When life derails your writing...

Being a writer is an interesting thing. The process of writing is so intrinsically tied up in who the writer is and requires such a personal investment, that it's only a matter of time before it gets derailed by various physical or emotional "boulders" that life tosses carelessly on the tracks. And the writer, blissfully surging along, finds themselves tossed like so much rubble onto the ground. Many will pick themselves back up, examine their wounds and rethink another path or mode of transportation. For others, the wreck seems too catastrophic and they retreat to tend to their wounds and wait until a sufficient amount of healing has occurred. I've discovered that I tend to do both.

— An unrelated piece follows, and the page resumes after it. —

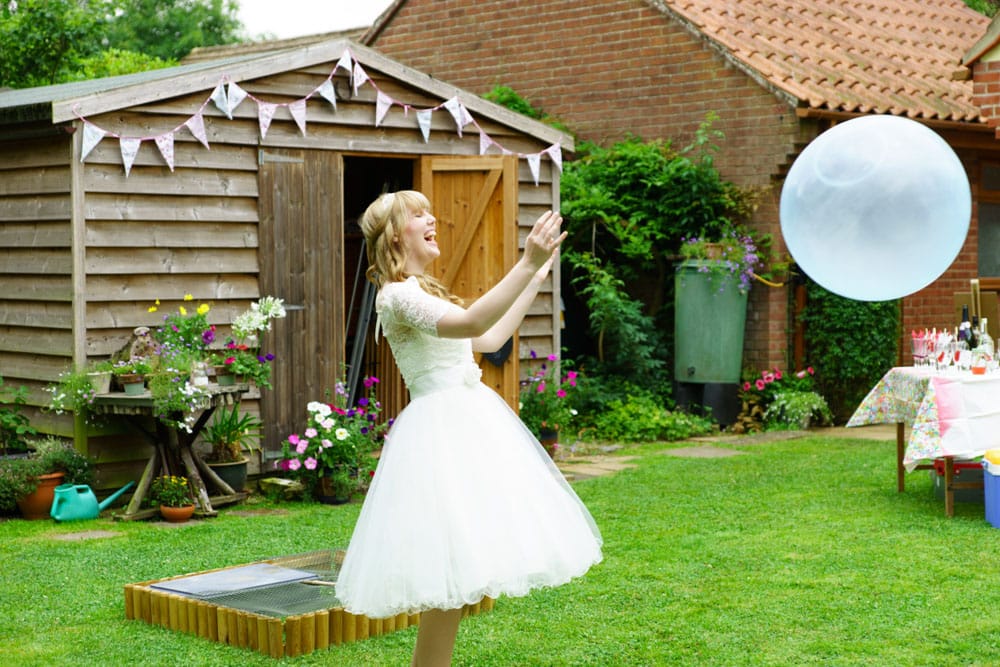 063 garden wedding outdoor food games kirsty sam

Writing has always been my creative outlet, my "happy place," my bliss. Where I've felt understood, connected to a larger power, even loved. Life makes sense and I feel my purpose in it all. So, why would I ever abandon that, simply because life throws some challenge at me? Maybe because it's also where I feel the most doubt, experience the most frustration and can be overwhelmed by the sense that I can't ever be good enough. By walking a tightrope between those two worlds, it isn't hard to get thrown off balance and retreat to a place that seems safer--where I don't have to constantly be examining and interpreting life.

I guess that makes me a "fair weather" writer. When things are going well and I'm reasonably content, I don't mind looking back on past hurts and pain and trying to figure out how to represent the truth of those experiences on paper. But when I'm in the thick of it and see disaster all around me, I shut down the conduit of my creativity and go into survival mode--kind of like a victim of hypothermia, where all of my blood is sucked into my core, leaving my extremities exposed to the elements. It's like I'm willing to sacrifice an arm or a leg so my torso can survive. When the real answer is to get up and get moving!

A few people, when they find out I write, ask me how you get over writer's block. I used to give them an appropriate answer that you have to continue to write, even if it's just keeping a journal. That you push through the feeling and eventually it will go away. Because you're a writer and you're meant to write! It sounded really good at the time. But the truth of it is, you can't "get over" writer's block, because writer's block is really another name for fear. And fear doesn't go anywhere, it just becomes more manageable at times. Ask a tightrope walker twenty feet off the ground if they're no longer "afraid" of being suspended that high. I'll bet they say that they still get afraid, they've just had enough experience to know that even if they do fall, they were doing what they wanted and needed to do with their life--so what does it matter?

To truly be a writer, I have to allow myself to accept that there will always be an element of fear in what I do. Perhaps as I gain more experience and more confidence in my ability, I won't dwell on it as often. But I'll never completely be at ease with the knowledge that no matter how much success I might achieve or how far I go, the next second--I could fall.